Sadly this is not gonna be 100% accurate but should help https://learn.microsoft.com/en-us/azure/ai-services/speech-service/how-to-speech-synthesis-viseme?tabs=visemeid&pivots=programming-language-csharp
Also you can pass group names as morphTarget value to shorten the URL https://docs.readyplayer.me/ready-player-me/api-reference/rest-api/avatars/get-3d-avatars#examples-7
public static Dictionary<int, int> VisemeMap = new Dictionary<int, int>()
{
{0, 0}, // viseme_sil
{1, 10}, // viseme_aa
{2, 10}, // viseme_aa
{3, 13}, // viseme_OO
{4, 11}, // viseme_E
{5, 11}, // viseme_E
{6, 12}, // viseme_I
{7, 14}, // viseme_U
{8, 13}, // viseme_O
{9, 10}, // viseme_aa
{10, 13}, // viseme_OO
{11, 10}, // viseme_aa
{12, 3}, // viseme_TH
{13, 13}, // viseme_O
{14, 12}, // viseme_I
{15, 7}, // viseme_SS
{16, 6}, // viseme_CH
{17, 4}, // viseme_DD
{18, 2}, // viseme_FF
{19, 8}, // viseme_nn
{20, 5}, // viseme_kk
{21, 1}, // viseme_PP
};
Hey,
First of all, really amazing work that you are doing, I came here from some of your youtube videos, very interesting stuff with RPM and Unity.

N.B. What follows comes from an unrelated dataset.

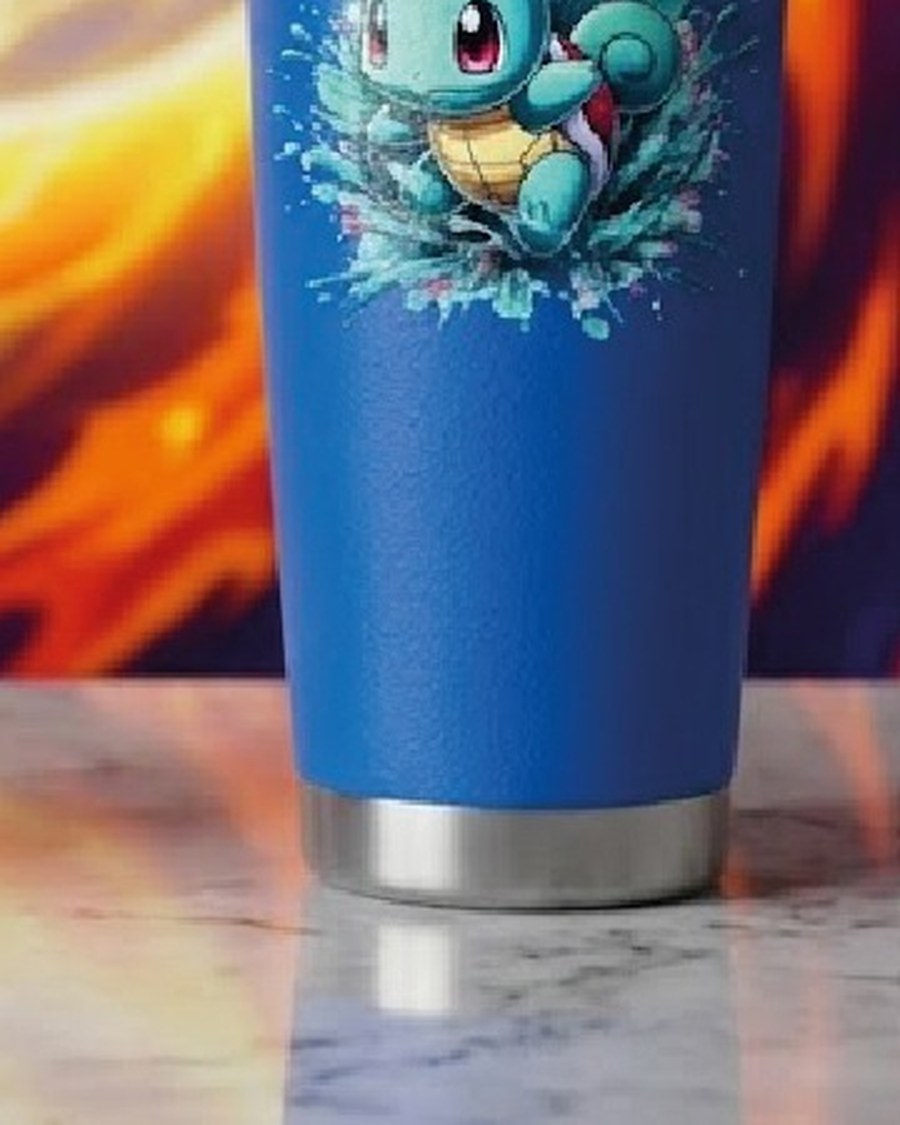 Diseño 3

Following this tutorial I did an example of me talking to OpenAI directly using Microsoft Speech SDK.
Most of the work is done, but my lipsync is not that great, Microsoft gives me LipSync as an array with FrameIndexes:
https://learn.microsoft.com/en-us/azure/ai-services/speech-service/how-to-speech-synthesis-viseme?pivots=programming-language-csharp&tabs=3dblendshapes#viseme-id
Do you suggest any way to use it with the Ready Player Me model?
Please ignore this if this is not something that interests you!!